> _Exercise aim_
Leave the pictures out and reproduce all the entries word for word.

> _Extracted data_
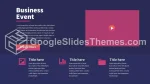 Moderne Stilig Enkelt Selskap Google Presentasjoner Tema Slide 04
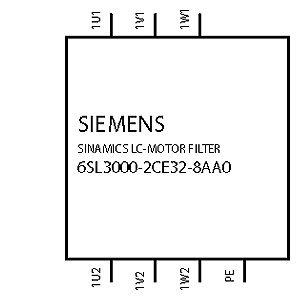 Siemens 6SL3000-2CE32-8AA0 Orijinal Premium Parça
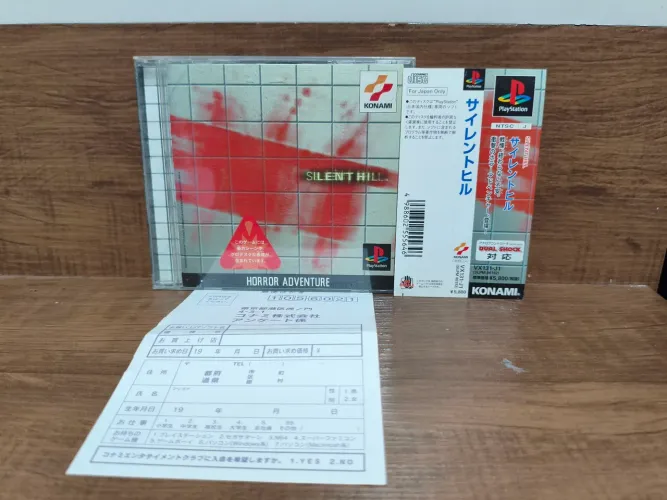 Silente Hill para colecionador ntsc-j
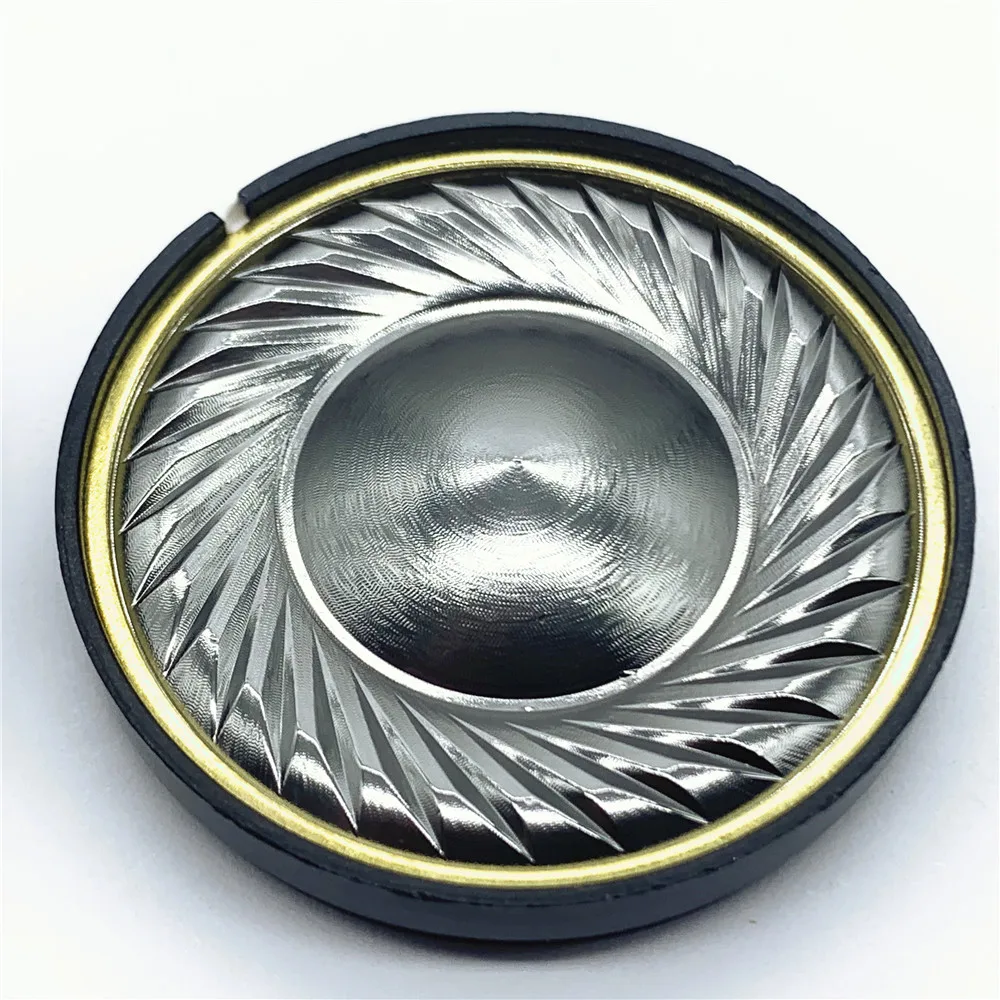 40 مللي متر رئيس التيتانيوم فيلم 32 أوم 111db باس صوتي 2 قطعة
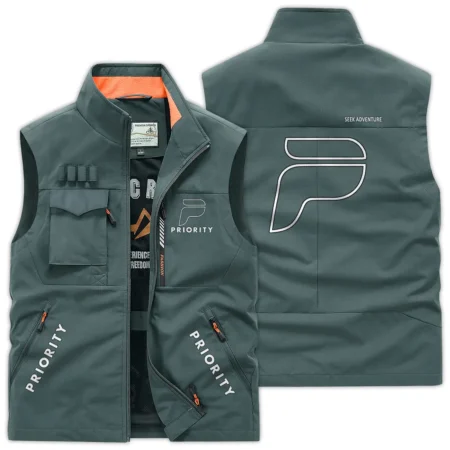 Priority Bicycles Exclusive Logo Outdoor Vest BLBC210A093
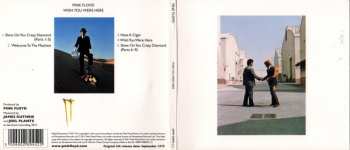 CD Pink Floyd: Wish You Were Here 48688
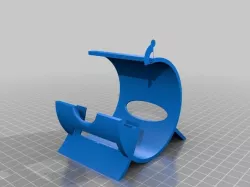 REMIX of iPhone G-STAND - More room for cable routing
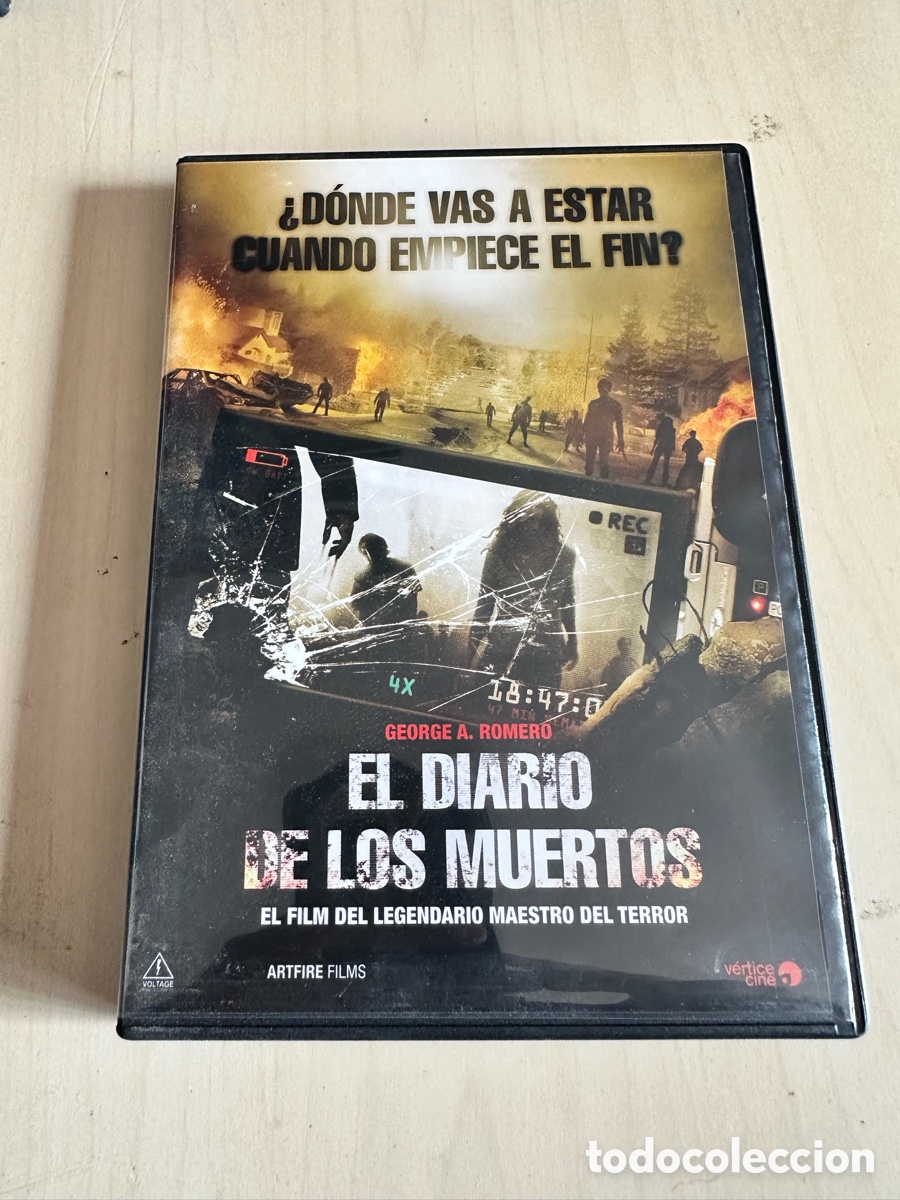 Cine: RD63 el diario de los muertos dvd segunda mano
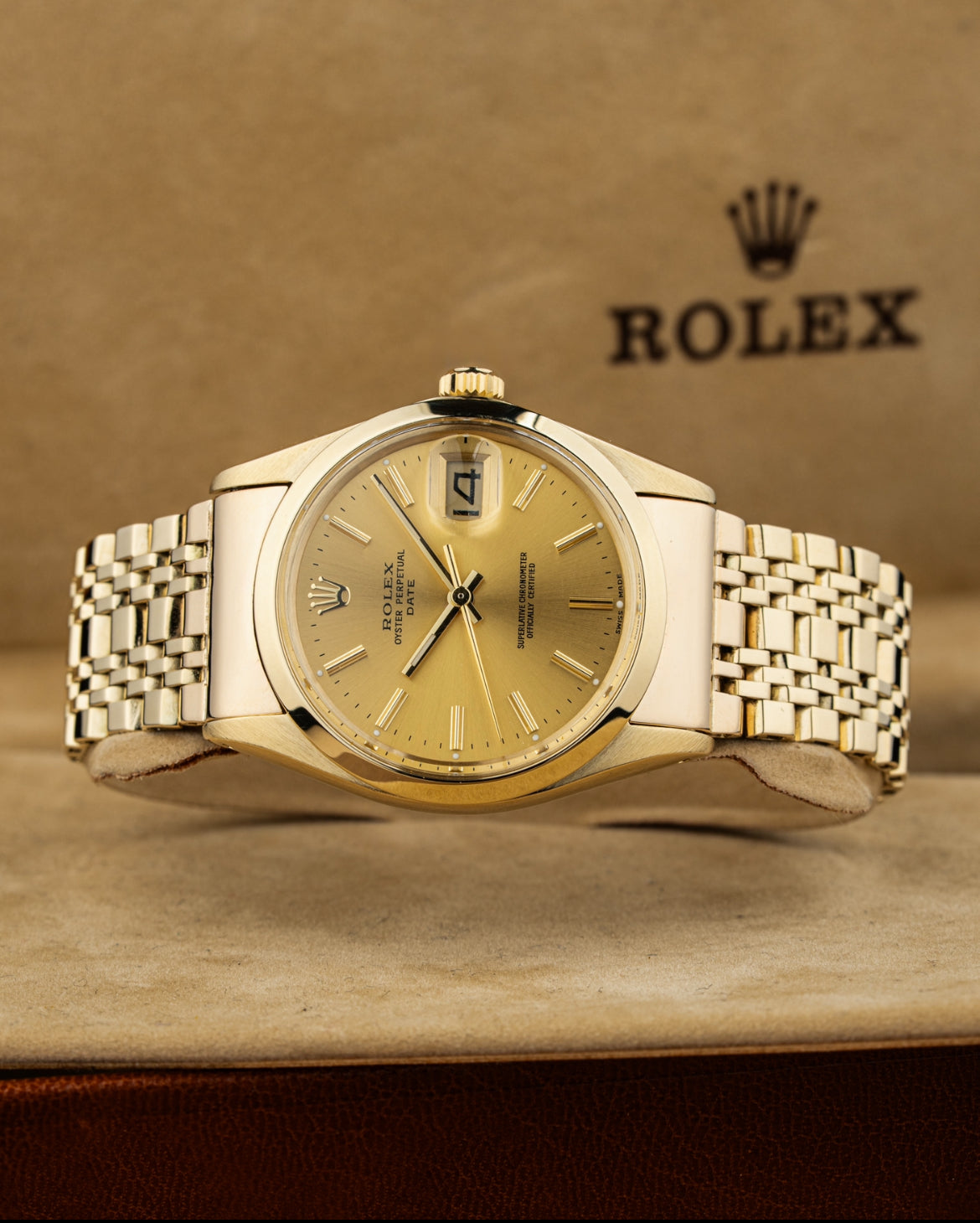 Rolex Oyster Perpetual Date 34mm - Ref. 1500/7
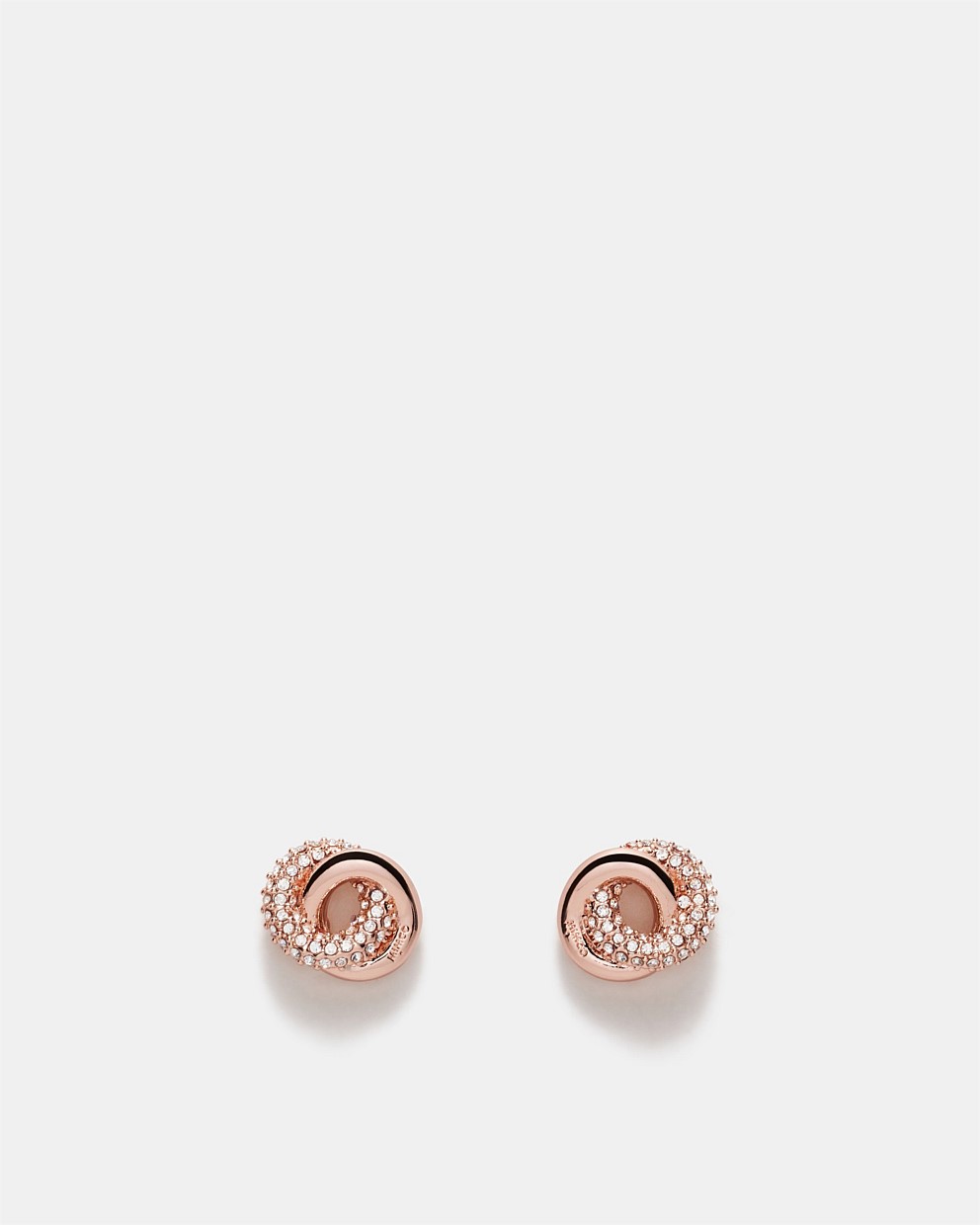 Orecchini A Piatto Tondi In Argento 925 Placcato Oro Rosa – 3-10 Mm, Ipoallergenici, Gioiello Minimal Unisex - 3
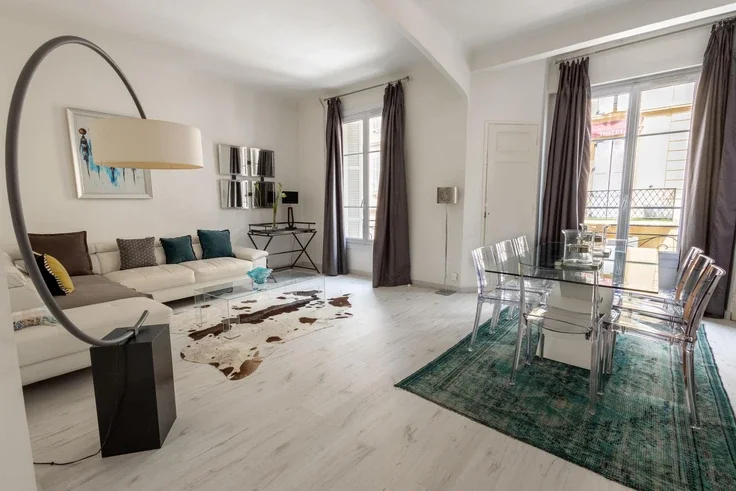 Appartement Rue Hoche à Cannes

> _Answer to this problem_
 Moderne Stilig Enkelt Selskap Google Presentasjoner Tema Slide 04
 Siemens 6SL3000-2CE32-8AA0 Orijinal Premium Parça
 Silente Hill para colecionador ntsc-j
 40 مللي متر رئيس التيتانيوم فيلم 32 أوم 111db باس صوتي 2 قطعة
 Priority Bicycles Exclusive Logo Outdoor Vest BLBC210A093
 CD Pink Floyd: Wish You Were Here 48688
 REMIX of iPhone G-STAND - More room for cable routing
 Cine: RD63 el diario de los muertos dvd segunda mano
 Rolex Oyster Perpetual Date 34mm - Ref. 1500/7
 Orecchini A Piatto Tondi In Argento 925 Placcato Oro Rosa – 3-10 Mm, Ipoallergenici, Gioiello Minimal Unisex - 3
 Appartement Rue Hoche à Cannes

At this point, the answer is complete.